Muscle Building Tip #3 For Skinny Guys: Stop believing, “You got to shock the body.”
Even today, you’ll hear this quote come up in gyms, forums, infomercials and other media with the belief that “you have to tear down the muscle and then build it back up.” But is this true? Absolutely, the catalyst for change is variation from your norm level of fitness. But the idea that one has to annihilate one’s tissues and physiological/neurological processes must be brought to question. Is getting a sun burn necessary to experience a tan? Does increased bone density require a fracture? Do calluses require lacerations? Does tendon strength require tendonitis? Does ligament strength require a rupture? When seeking adaptation, the goal should be to seek out least amount of unaccustomed activity. In fact, you want the stimulus to be virtually imperceptible as an increased challenge. This would be considered the most ideal stimulus for the most immediate adaptation response, especially in the beginning. In weight training, we strive to increase our loads approximately 2% each workout. Anything more and you’ll move more towards microscopic tissue damage and associated signs to injury including delayed onset muscle soreness, edema and lengthy recovery period.

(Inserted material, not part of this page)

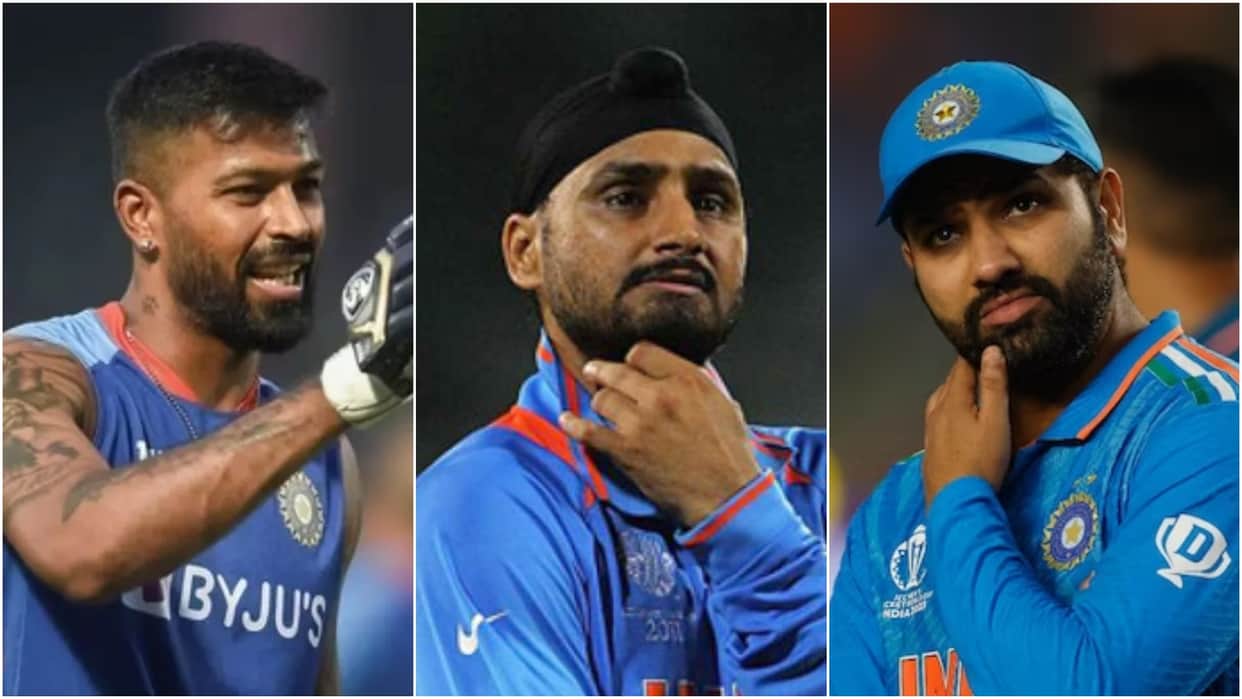 T20 World Cup: Harbhajan Singh supports Hardik Pandya, Rohit Sharma; says this about Bumrah Fast Bowlers IPL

Muscle Building Tip #4 For Skinny Guys: More is less!
This is a training principle that extends from the above tip, and stresses that for many instances, you will get a quicker training effect from doing a smaller amount of training. In short, you will see more results when doing less training.

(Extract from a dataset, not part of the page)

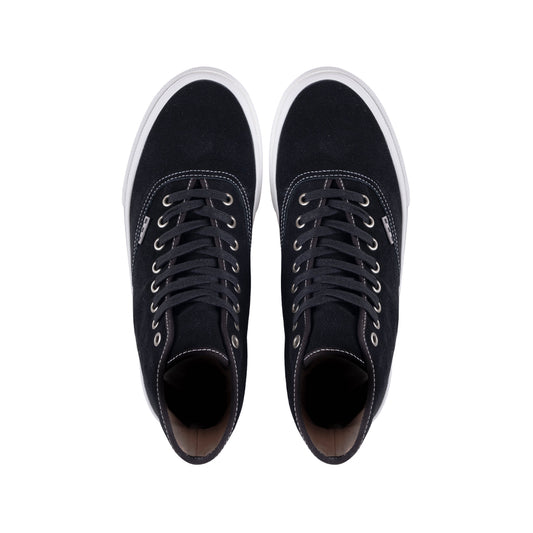 Vans - Skate Authentic High - black suede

90% of people use volume as the primary stressor and get the result they seek 10% of the time. 10% of people use intensity as the primary stressor and get the results they seek 90% of the time.
Be careful when you hear high volume people say, “I got results from using high volume…see, it’ works!” because it usually works for other reasons.
Muscle Building Tip #5 For Skinny Guys: Always ask, “Is there anything I can do before this… to better prepare for this… to lesson the leap?”
Can running have a positive influence on your health? Of course, but the level of participation is key. Why do people spends months recovering from a marathon? Was 26.2 miles the perfect distance for each of those 20,000 people to run on that given day at that time of the day? There are many variables that must be progressed based on what you are currently accustomed to. Here are some areas of progression that must be considered:
- From none to some
- From sloppy to controlled
- From small range of motion to large range of motion
- From stable surface to unstable surface
- From light to heavy
- From slow to fast
- From minimal volume to more volume
- From minimal effort to maximal effort
Understand that “micro progressions” are not “wimpy”. It simply means, “You’ve got to EARN THE RIGHT to do more, go faster, lift heavier etc. And CONTROLLING EVERYTHING YOU DO is the key!” It’s not about how much you do but HOW WELL you do it! Remember, we’re trying to get a sun tan, not a sun burn!